# What you are asked to do
Give again, word for word, each line below starting at the one that contains "General Mobile Gm" and ending at the one that contains "Formal Ways To Say Thank You Engdic".

# Exercise data
______

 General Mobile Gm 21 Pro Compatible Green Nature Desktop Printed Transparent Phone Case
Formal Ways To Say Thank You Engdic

______

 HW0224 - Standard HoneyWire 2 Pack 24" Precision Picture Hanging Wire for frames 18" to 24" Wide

______

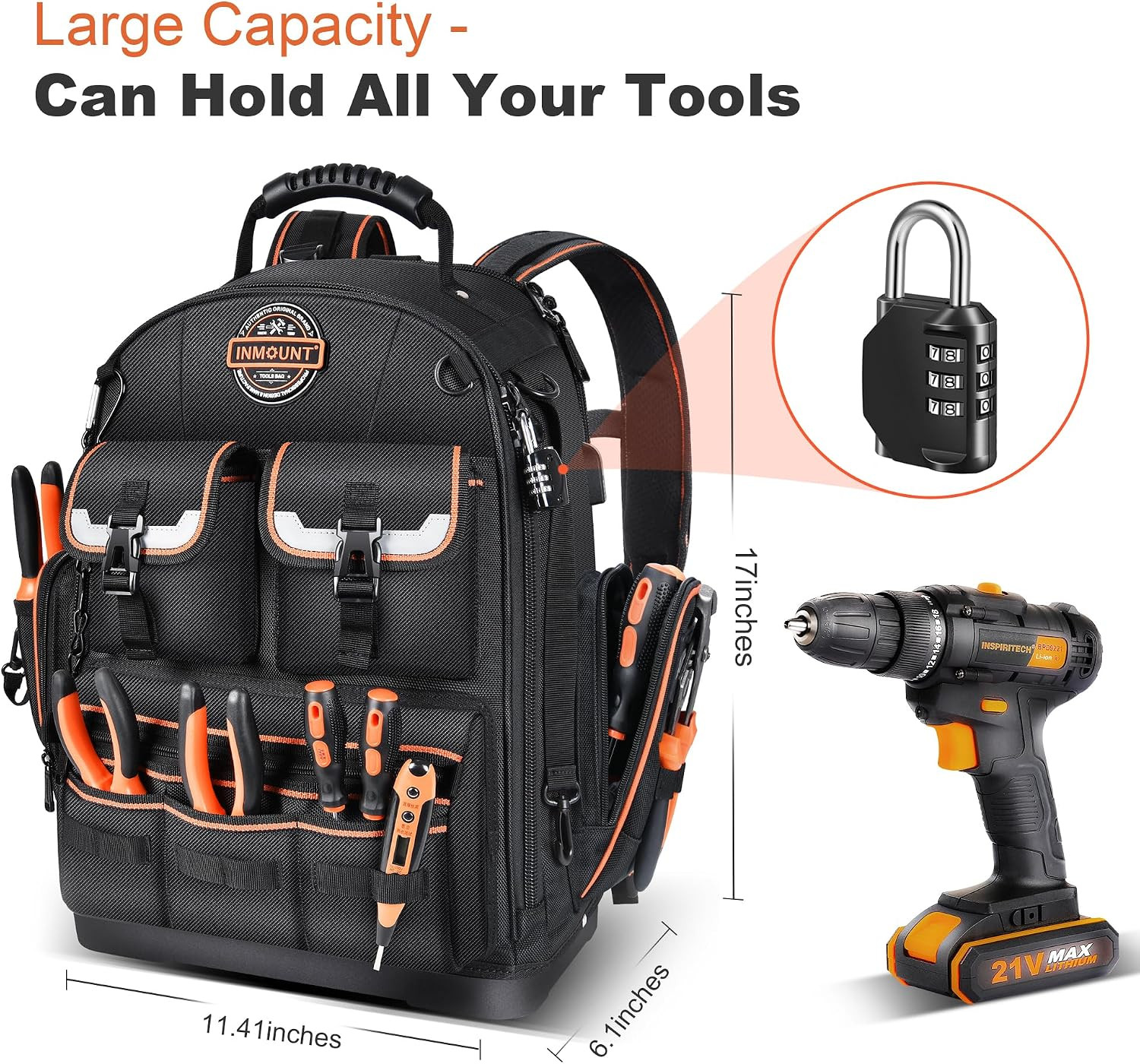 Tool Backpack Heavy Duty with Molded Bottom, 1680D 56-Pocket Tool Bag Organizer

______

# Answer to this task
 General Mobile Gm 21 Pro Compatible Green Nature Desktop Printed Transparent Phone Case
Formal Ways To Say Thank You Engdic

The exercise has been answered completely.